Loved ones beyond the veil of death are not lost to us. “Families are the basic organizational unit of the eternal realms, and so He (God, our Father) intends for them also to be the basic unit on earth.” (Pres. Eyring, April 2017)

In this week’s Come Follow Me lesson, we learn the joyful news of how that can happen through the practice of baptism for the dead. The second paragraph of “The Family: A Proclamation to the World” states:

“The divine plan of happiness enables family relationships to be perpetuated beyond the grave. Sacred ordinances and covenants available in holy temples make it possible for individuals to return to the presence of God and for families to be united eternally.”

Alongside the eternal blessings, there are practical ways we benefit from serving our ancestors. In this way, we come to know them:

“Stories of the familial past seem to provide a guide for adolescents’ developing sense of self and identity beyond everyday patterns of family interaction. Through sharing the past, families recreate themselves in the present, and project themselves into the future.

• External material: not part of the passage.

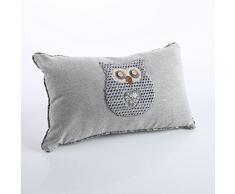 DiKasa Home Cuscino Shabby Gufo, Lino, Grigio, 50x30x15 cm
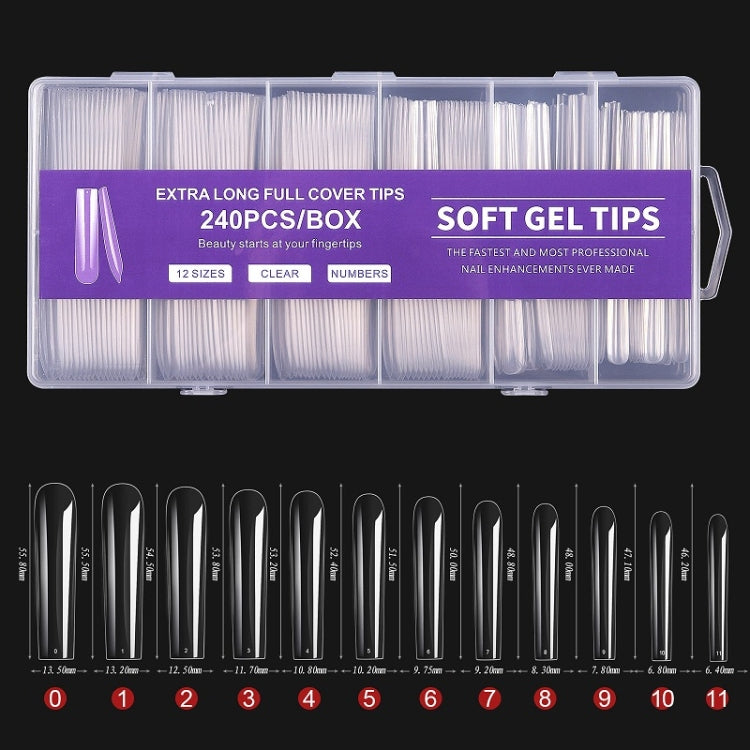 240 PCS/Box Thin Soft Transparent Nail Pieces, Shape: Super Long Full Stick Nails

Family stories are theorized to be a critical part of adolescents’ emerging identity and well-being. … Adolescents who report knowing more stories about their familial past show higher levels of emotional well-being, and also higher levels of identity achievement, even when controlling for general level of family functioning.”

Fivush, R., Duke, M., Candler, C.H., & Bohanek, J.G. (2010). The power of family history in adolescent identity and well-being.

Traditions and stories passed down can shape more than our perceptions. Because of what we learned in this week’s lesson, we know they can shape eternity.